Кладбище находилось у проселочной дороги, ведущей в Гуниб, и наша небольшая похоронная процессия шла по ней бесшумно и быстро.
Неожиданно мы услышали музыку и вскоре поняли, что это дагестанский национальный марш. Под его бодрые, победные звуки приближался головной отряд национал-патриотов под предводительством Алтая и Мохамы. Я поспешил им навстречу, чтобы поздороваться, в то время как траурное шествие продолжало медленно двигаться сзади. «Кого вы несете хоронить?» — спросил Алтай. Я сказал, что это Махач, зная, что произнес имя его злейшего врага. «Что? Махач? — воскликнул Алтай.— Хоронят Махача, и никто больше не сопровождает его? А где же остальные?» С этими словами он приказал своим конникам спешиться. Затем Алтай и Мохама отдали последние воинские почести покойному и прочитали заупокойную молитву — «Аль-фатиха». После этого они сели на коней и направились в город, а мы двинулись к кладбищу. Благородство Алтая наполнило мое сердце гордостью.

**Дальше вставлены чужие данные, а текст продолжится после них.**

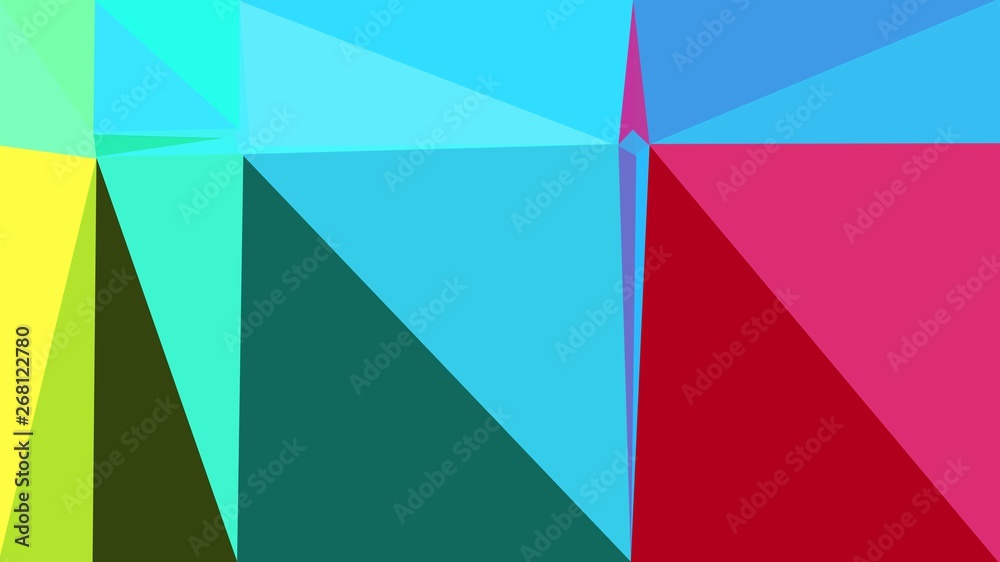 turquoise, crimson and teal green multi color background art. abstract triangle style composition for poster, cards, wallpaper or texture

Вернувшись после похорон домой, я застал у себя в комнате студента Казибекова, своего бывшего школьного знакомого, который был народным комиссаром при Махаче. Он пришел, чтобы найти у меня защиту, так как мой родственник Алтай приказал расстрелять его. Он настоятельно просил меня укрыть его где-нибудь. Это была очень неприятная неожиданность! Будь я во время его визита дома, я мог бы его не впустить. Но тут, когда он уже оказался в моем доме, я не мог дать ему погибнуть и пообещал свою помощь. Четыре ночи он провел у меня. В один из дней, к моему ужасу, пришел Алтай, чтобы навестить меня, и я вынужден был спрятать Казибекова за ковром. Моя тайна ужасно угнетала меня, я лишился покоя и так похудел, что все стали спрашивать, не болит ли у меня что-нибудь, и почему я среди всеобщего веселья такой печальный. Все это дело не доставляло мне удовольствия еще и потому, что этот Казибеков мне вообще никогда не нравился, и я не был ему ничем обязан. Но он, как только ему понадобилось, вспомнил о старинном обычае, по которому жизнь гостя для хозяина священна. Теперь никуда не денешься, я был связан данным мною обещанием!
Однако это не могло продолжаться долго, и я заказал, наконец, носильщика с базара, купил у него его одежду и дал одеть Казибекову. Затем, наклеив ему рыжую бороду и загримировав, я благословил его в дорогу. Он сначала спокойно шел по главной, очень людной улице, потом вышел за пределы города и так продолжил свой путь до Дербента. После этого я почувствовал облегчение и свободу, и у меня сразу поднялось настроение. Но никто не может избежать своей судьбы. Вот и Казибекова, в конце концов, все же расстреляли.
Лишь много лет спустя в Самсуне {77} я решился рассказать брату Мохама об этом случае, и он осудил мое легкомыслие, которое могло навлечь на меня беду. И я не мог тут не сослаться на наши древние обычаи, которые так гордо и достойно продолжают жить и в наше новое, смутное время.